At Coastside Leadership Academy we have established a daily routine. We start the morning with check in and mindfulness, move on to an hour of movement or play, and then have a student centered learning block. We break for an hour of lunch before another student centered learning block, and then have our closing circle. Every day looks a little different depending on our location, learning unit, or the weather, but we always stick to these elements during the day. Our students are familiar with it and appreciate the consistency.
After taking time and care to build this routine, our students are now able to lead the day and this has become a highlight when we go on field trips. Student-led days are scaffolded. The instructors provide one location that the class is going to visit, and then from there the students make a plan for the day. We take time the day before to research the area and all of our students take on responsibilities during the day. Below is the list of leadership roles we have developed for our student-led days.
Time keeper– Creates and implements the schedule for the day. They keep the group on track with time, letting us know when we have to leave for the next location and also provide gentle reminders to stay focused. They learn how to manage a group, plan and stay on schedule, and also to be flexible when the schedule does not go as planned.
Navigator– Maps out all of the locations the group plans to visit and provides directions to the drivers or while the group is walking. The navigator works closely with the time keeper to make sure the schedule includes travel time.
Check in leader– Chooses a location for check in and leads our morning emotions check in and mindfulness. They lead a group meditation to set the tone for the day.
Lunch manager– Finds a nearby park for the group to enjoy lunch together. They coordinate if the group should pack a lunch or bring money to buy it.
Closing circle leader– Chooses a location and leads our closing circle to wrap up the day. They provide time for reflection and sharing at the end of our adventure.
It is fun to watch student-led days unfold because our students take their roles seriously. Our most recent student-led day was to an escape room in San Francisco. We provided the students with the address for the escape room and the parking garage and they took over from there.

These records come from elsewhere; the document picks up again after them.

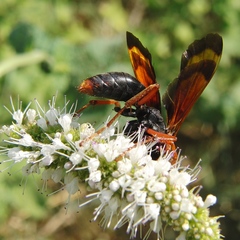 Hemipepsis mauritanica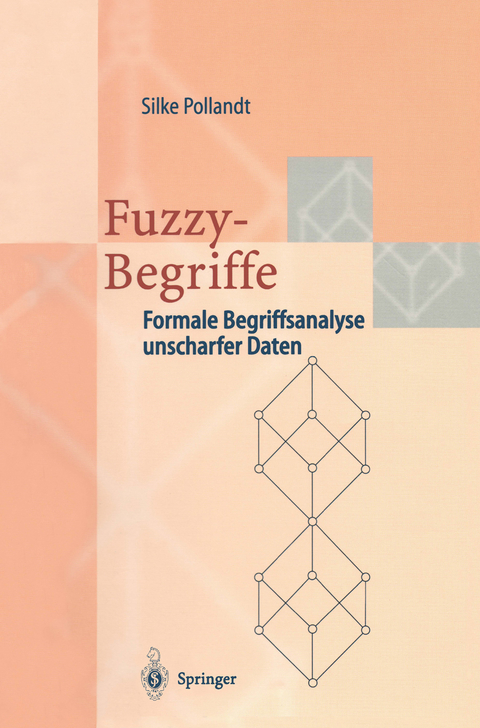 Fuzzy-Begriffe - Silke Pollandt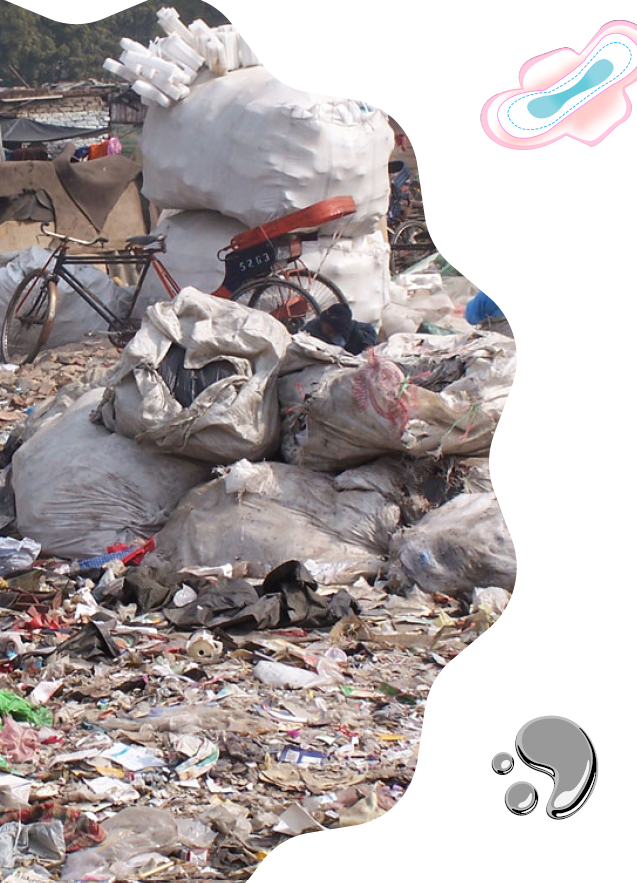 Invisible Pollutants, Visible Impacts for School focusing on Gender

The entire day was a bonding experience. The students worked together on puzzles to escape the room and then we walked a few blocks to Dolores Park for lunch. We ate lunch and played on the playground. The views of the city were beautiful and we really got to enjoy each other’s company. Our lunch manager planned for us to eat ice cream at a shop across from the park and it was a huge hit!
What I love about student-led days is watching our students gather life skills like planning ahead or navigating a large group across the city, and then seeing them proud of themselves for fulfilling their role. As an instructor, it is not easy to give up control, but I remind myself to trust the process and it is ok if things get off track. When they do get off track, it’s another learning opportunity for our students to figure out where to go or what to do next, just like in life. Our student-led days show our students that we trust them and this helps our students trust themselves. Self trust is a quality I hope they keep with them beyond our outdoor classroom.